Standard: Welche Frage wollen Sie dem Volk stellen?

Faymann: Wenn sich alle einig sind im Parlament, dann bedarf es keiner Volksbefragung ...

Standard: Herr Faymann, Sie kennen die politische Realität doch ...

Faymann: Ich habe deshalb von vornherein die Volksbefragung eingebracht, weil wir nicht bis Mitte des Jahres in unterschiedlichen Positionen verharren dürfen. Wenn die Volksbefragung lautet, hier liegen zwei Modelle vor, mit und ohne allgemeine Wehrpflicht, dann sind die Österreicherinnen und Österreicher aus meiner Sicht sehr gut in der Lage, zu entscheiden.
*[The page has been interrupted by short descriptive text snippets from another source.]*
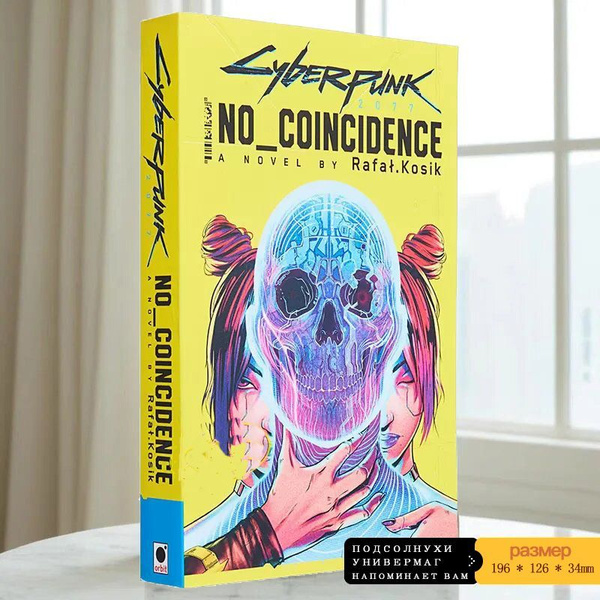 книги художественная литература : Cyberpunk 2077 No Coincidence Rafal ...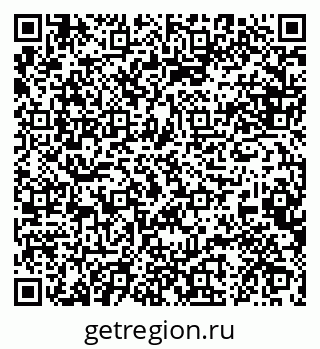 79088645067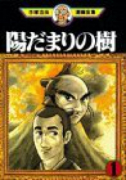 陽だまりの樹（全11巻）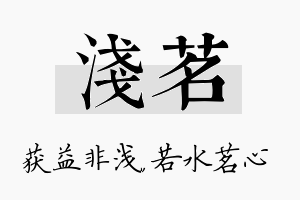 浅茗名字的寓意及含义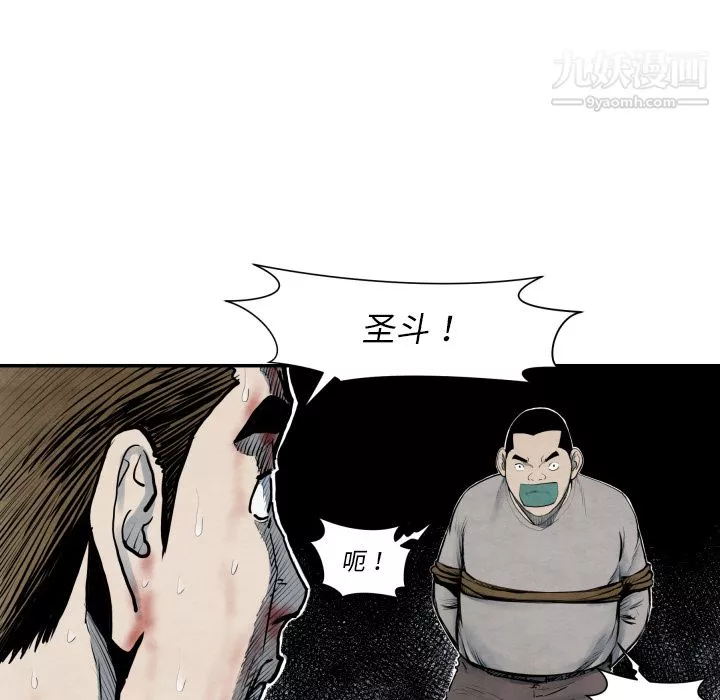 TWOMEN~共存-第41话 - 图片 87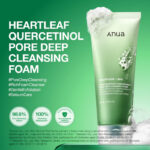 فوم شستشوی پاک کننده عمیق منافذ آنوا هارتلیف +( BHA)  Anua Heartleaf Quercetinol™ Pore Deep Cleansing Foam - Image 8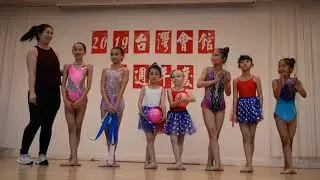 Taiwan Center 33rd Anniversary Gala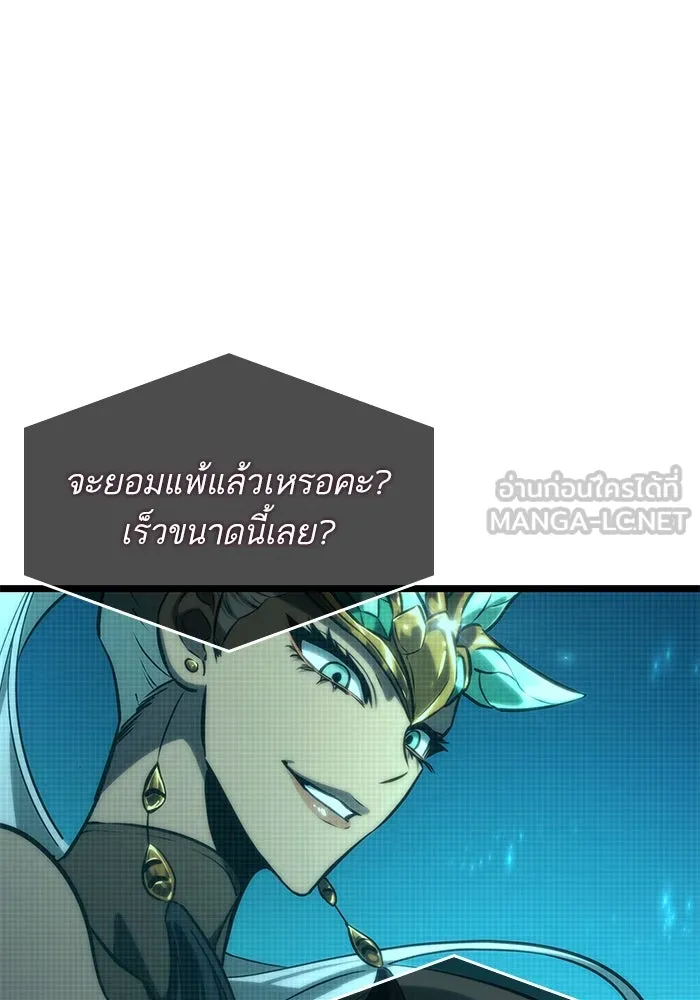 หลังวันสิ้นโลก ตอนที่ 135 รูปที่ 48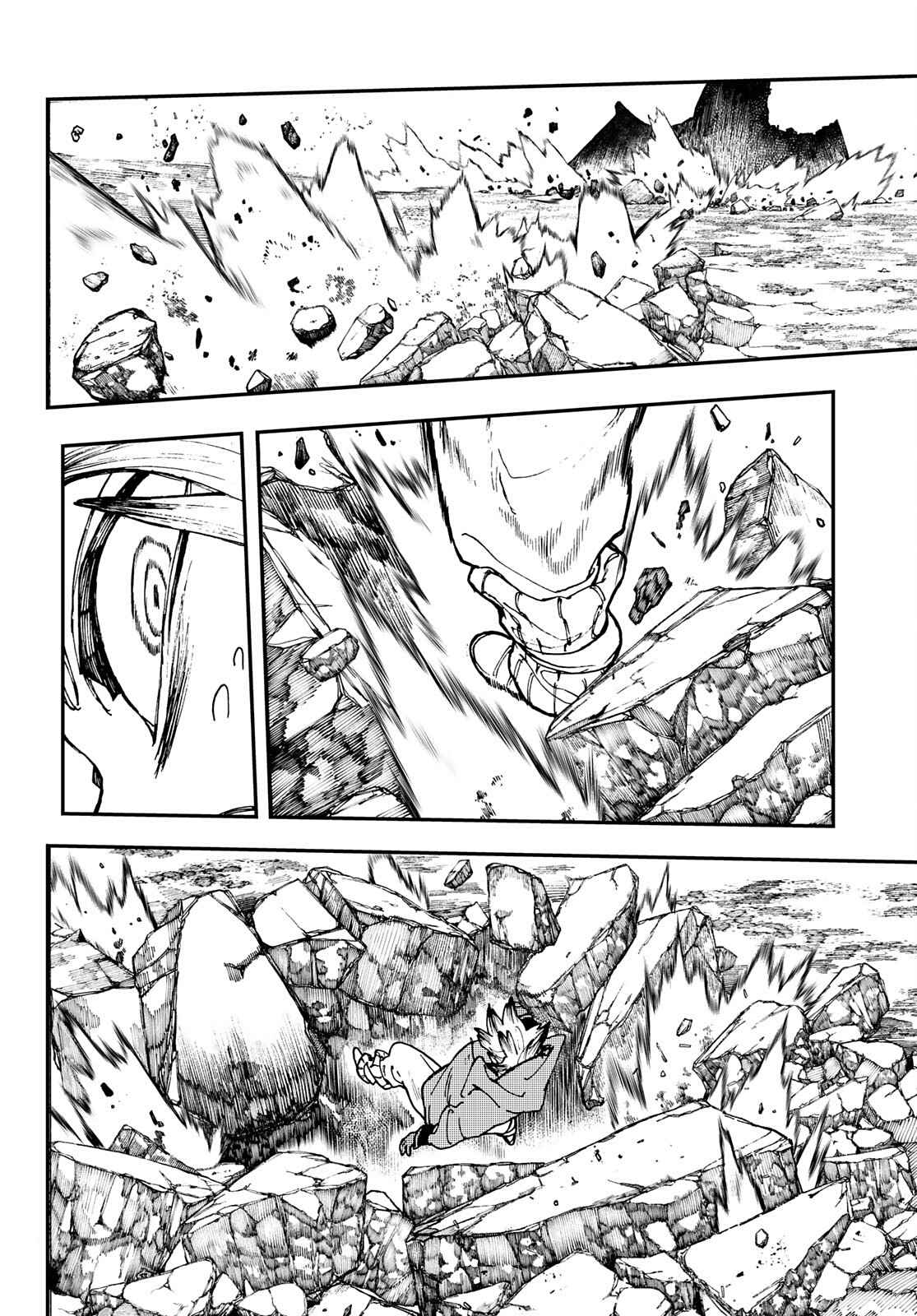 Gachiakuta - chapter-10 - Page 12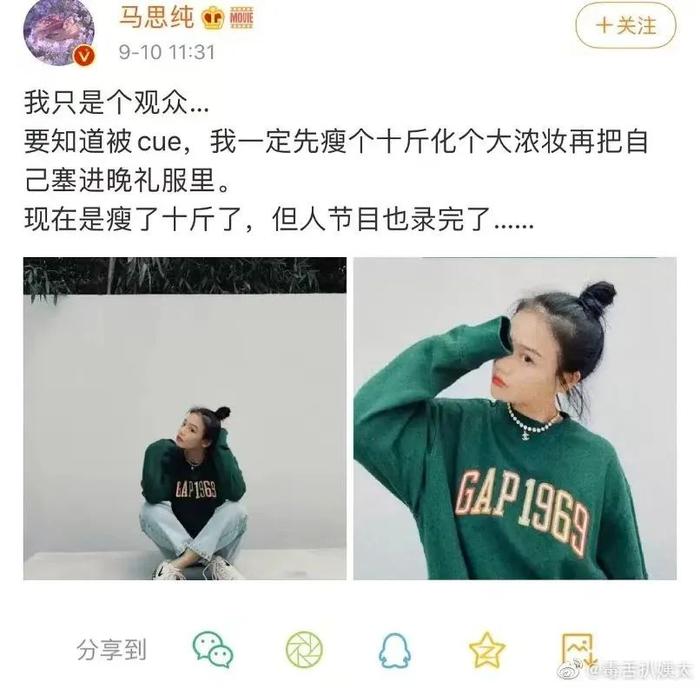 女演员喊话：不是我的原因！网友：你是我的嘴替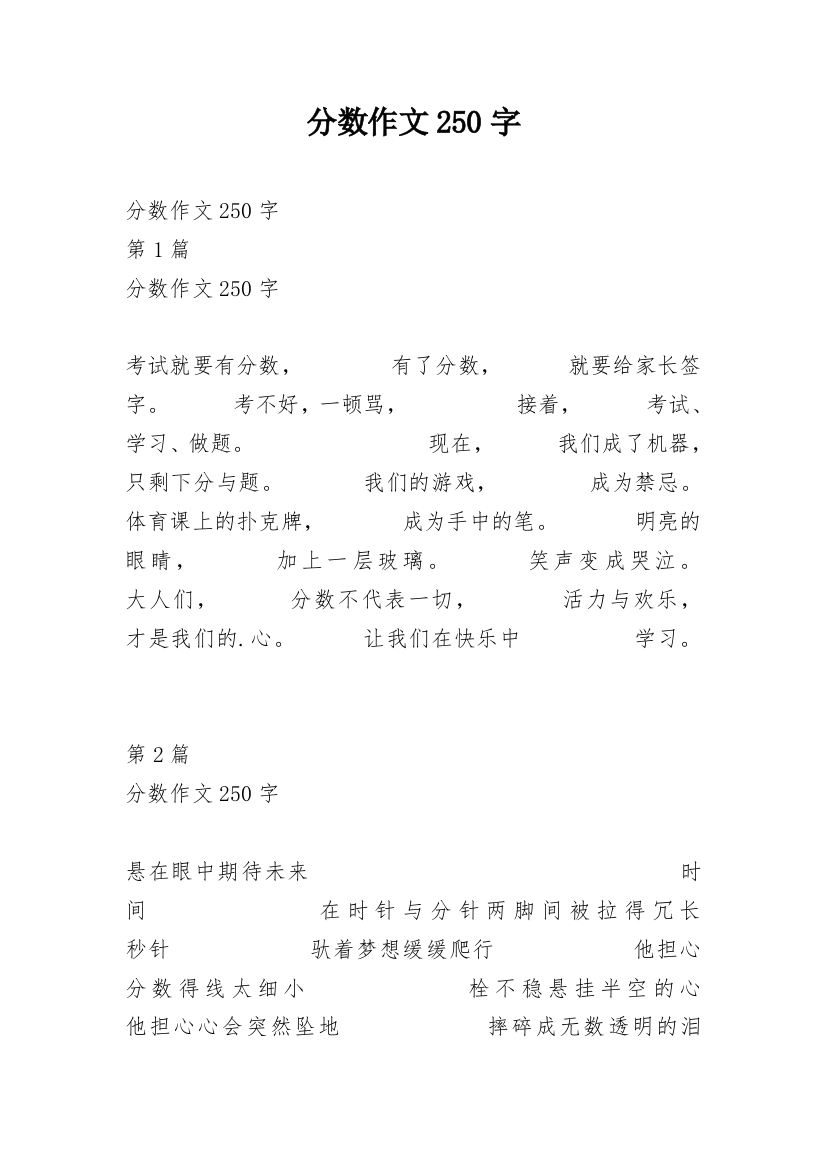 分数作文250字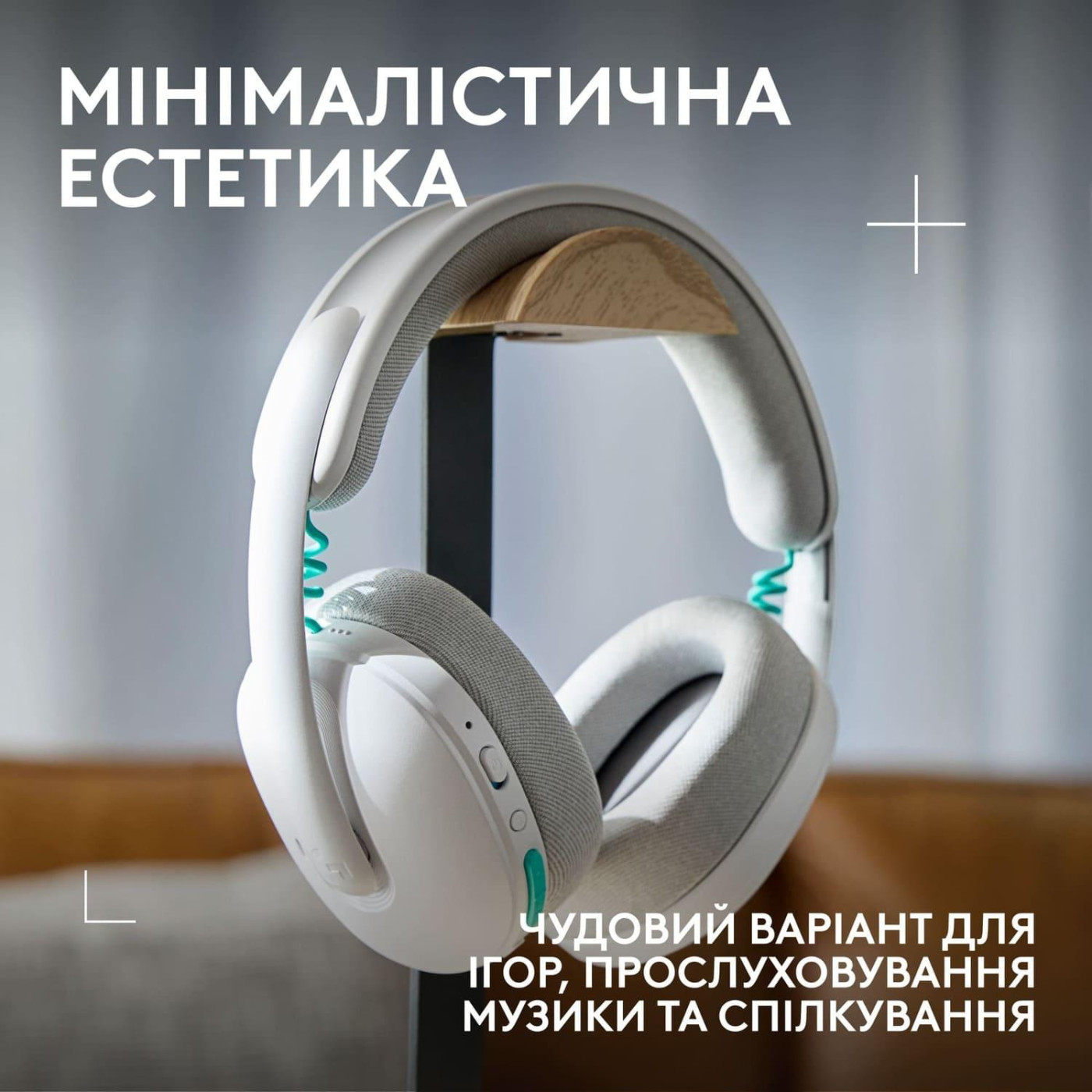 Ігрова гарнітура Logitech G325 Lightspeed Wireless White (981-001531)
Standard: Warum tragen auch sozialdemokratische Offiziere das nicht mit? Warum musste Generalstabschef Entacher gehen?

Faymann: Als Regierungschef gestehe ich jedem Minister zu, zu entscheiden, ob sein Vertrauen in eine Führungskraft ausreicht. Daher stehe ich zu hundert Prozent zu Norbert Darabos' Entscheidung. (Alexandra Föderl-Schmid, Christoph Prantner, DER STANDARD, Printausgabe, 26.1.2011)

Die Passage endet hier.